» **ASSIGNMENT**
Lines from the one with "FACETORY K Beauty" up to and including the one with "Tuta Allenamento Argentina" are to be copied exactly from the records below, without their pictures.

[Records from a data source]
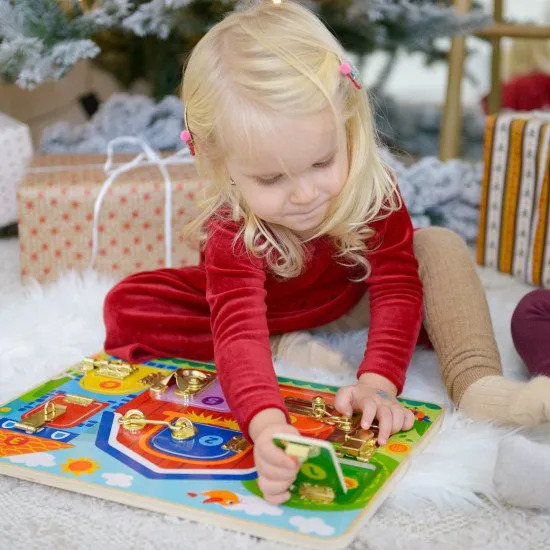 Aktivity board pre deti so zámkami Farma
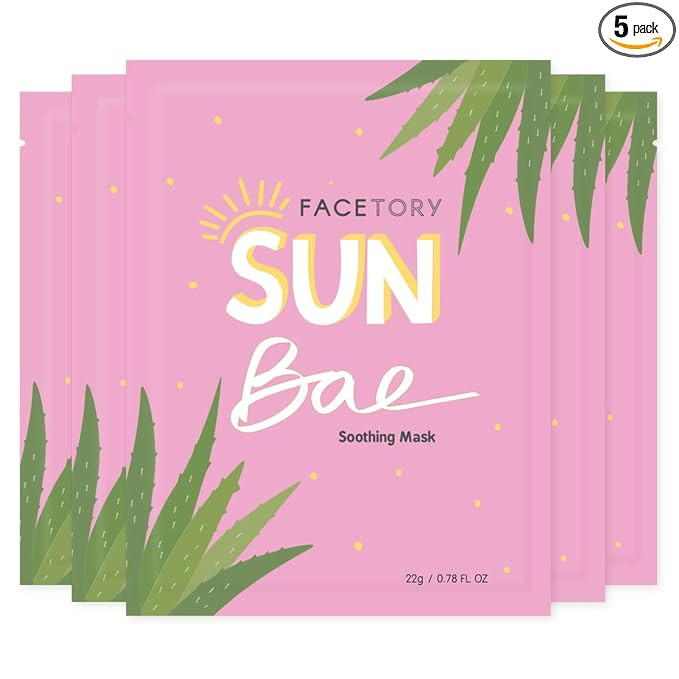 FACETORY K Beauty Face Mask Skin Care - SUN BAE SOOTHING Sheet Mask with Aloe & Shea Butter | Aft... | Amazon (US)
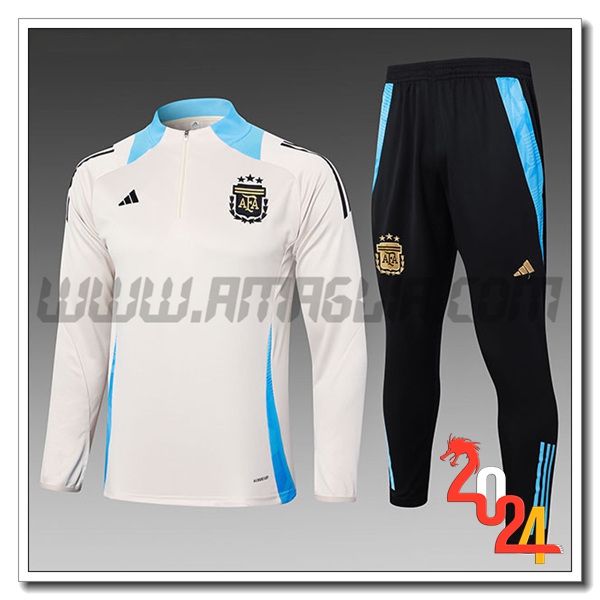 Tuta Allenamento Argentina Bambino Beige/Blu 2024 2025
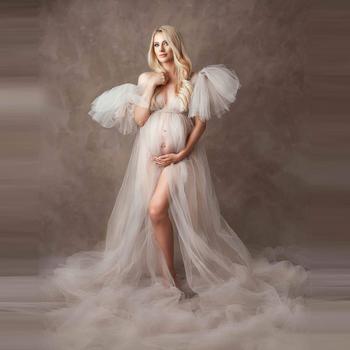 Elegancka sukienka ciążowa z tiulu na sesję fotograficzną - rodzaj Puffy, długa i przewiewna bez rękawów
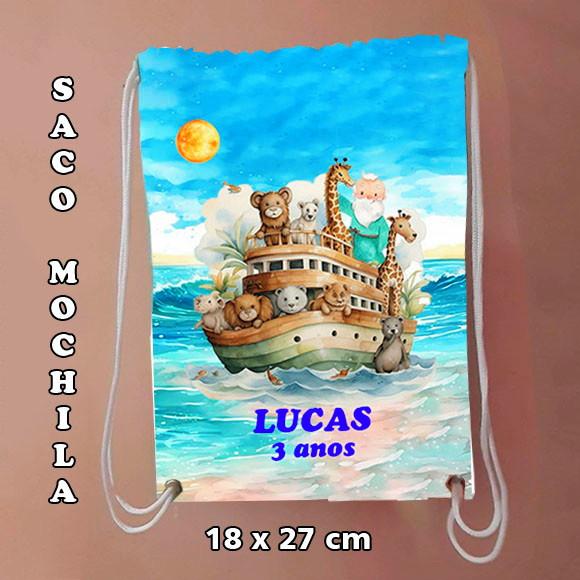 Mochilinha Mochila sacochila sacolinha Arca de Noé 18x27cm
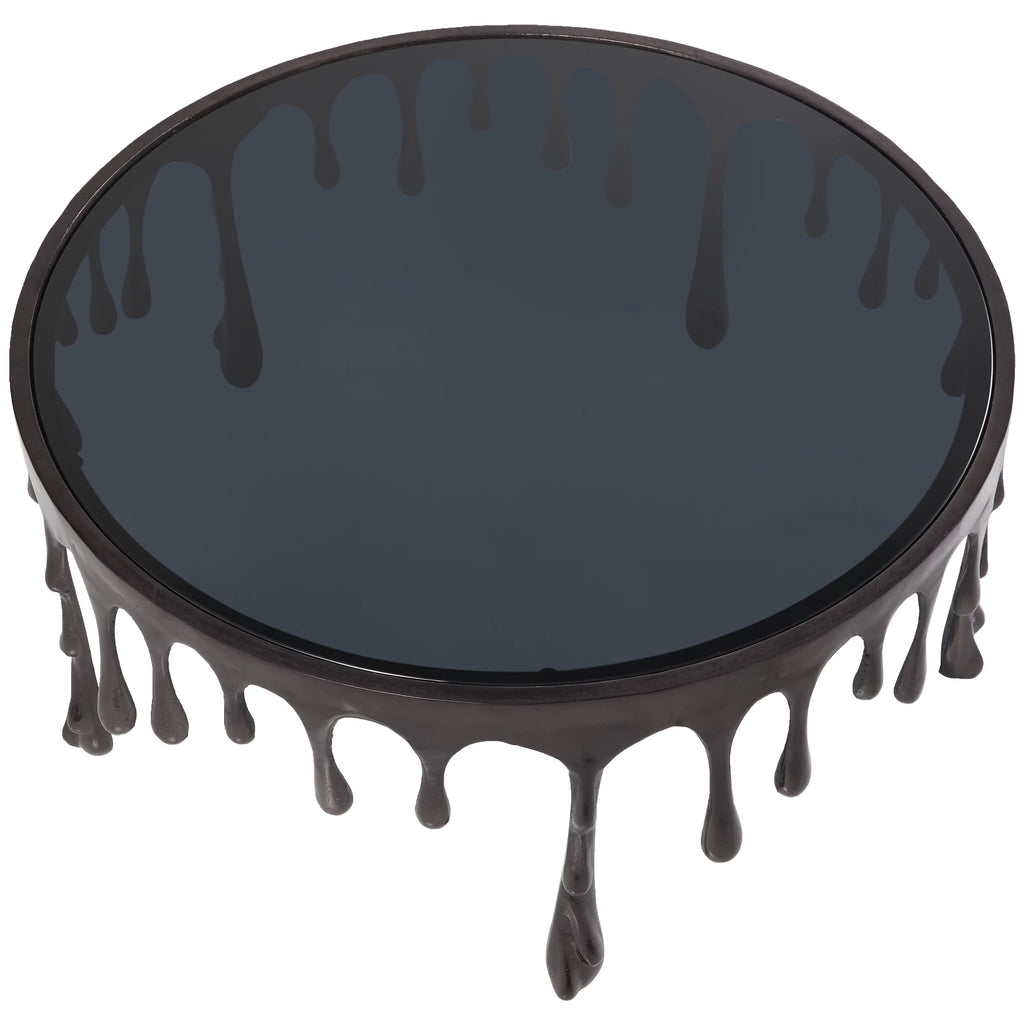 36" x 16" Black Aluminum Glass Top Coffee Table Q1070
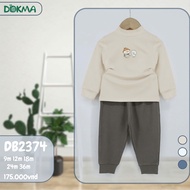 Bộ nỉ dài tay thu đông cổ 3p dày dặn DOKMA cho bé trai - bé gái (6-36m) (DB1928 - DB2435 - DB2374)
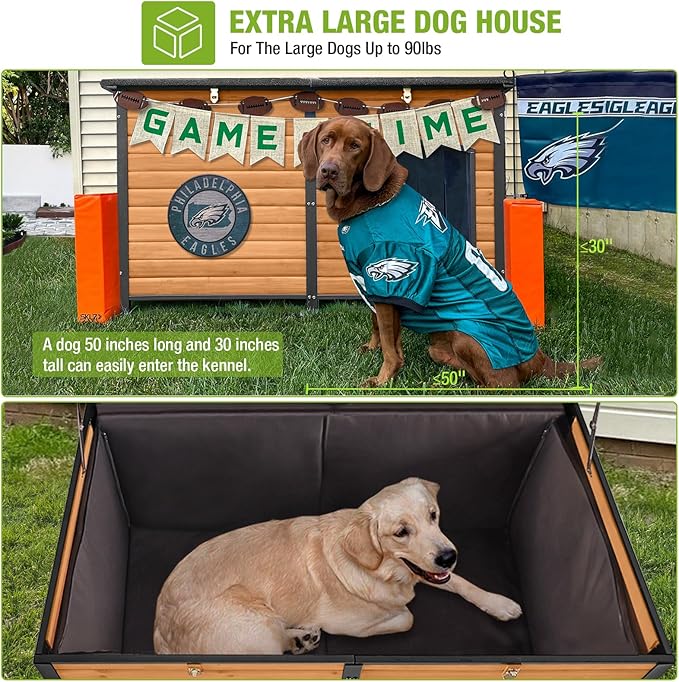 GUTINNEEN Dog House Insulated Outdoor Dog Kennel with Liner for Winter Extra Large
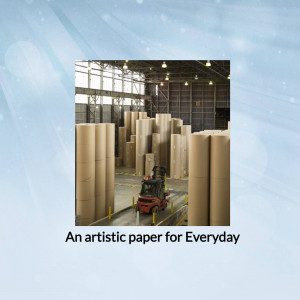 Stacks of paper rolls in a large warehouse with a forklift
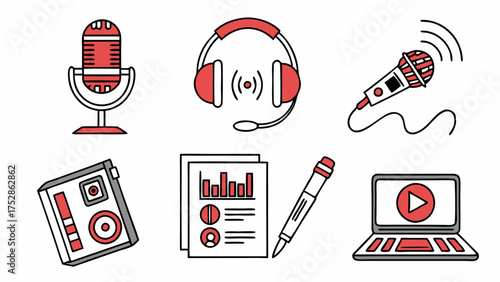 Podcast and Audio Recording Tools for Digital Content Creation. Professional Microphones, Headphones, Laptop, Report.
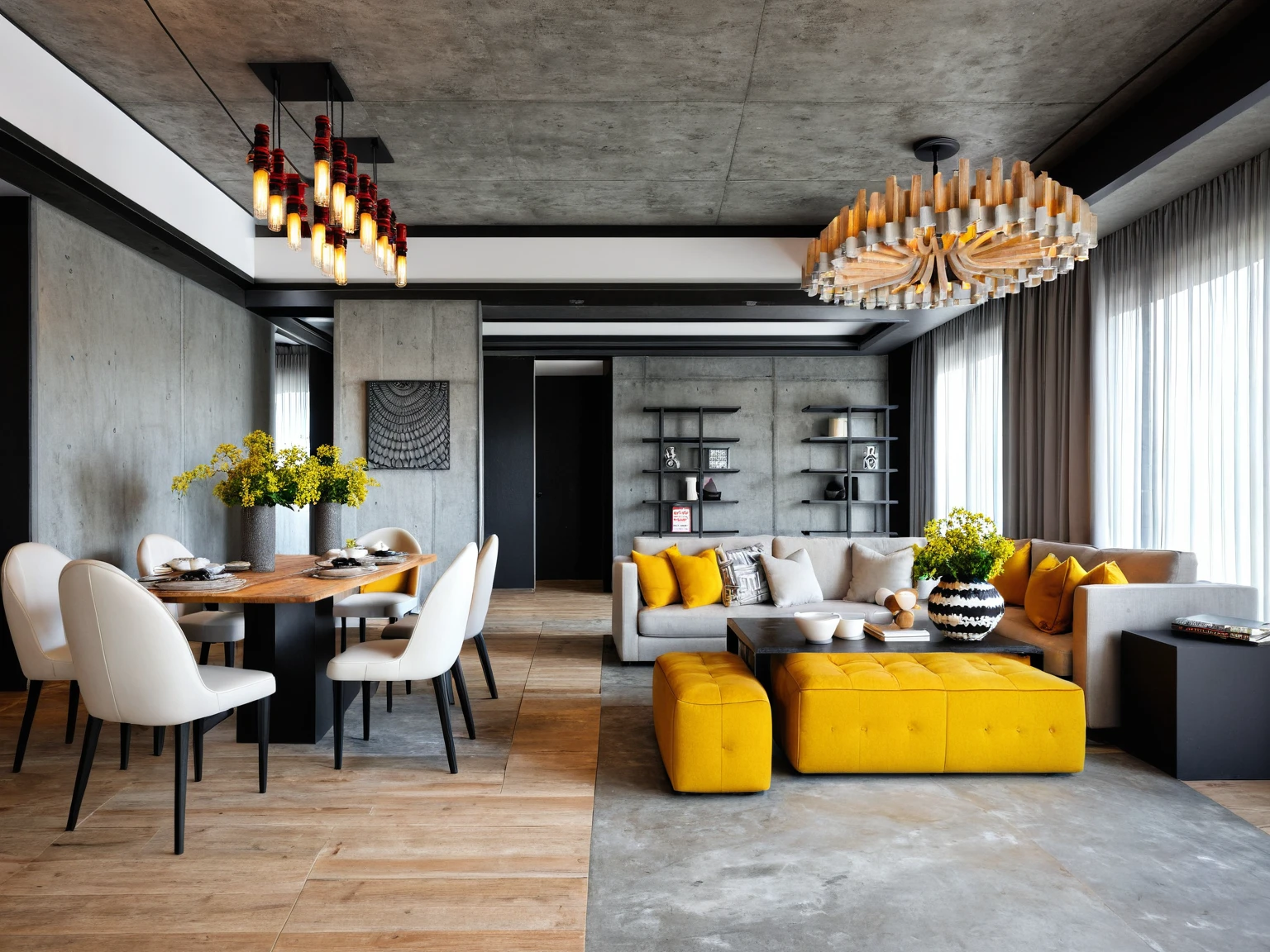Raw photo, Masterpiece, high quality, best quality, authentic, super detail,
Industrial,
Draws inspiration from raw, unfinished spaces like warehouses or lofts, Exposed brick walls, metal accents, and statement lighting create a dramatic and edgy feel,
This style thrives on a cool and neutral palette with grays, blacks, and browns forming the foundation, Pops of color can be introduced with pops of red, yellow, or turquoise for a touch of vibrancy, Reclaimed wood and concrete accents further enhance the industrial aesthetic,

» **ANSWER BOX**
 FACETORY K Beauty Face Mask Skin Care - SUN BAE SOOTHING Sheet Mask with Aloe & Shea Butter | Aft... | Amazon (US)
 Tuta Allenamento Argentina Bambino Beige/Blu 2024 2025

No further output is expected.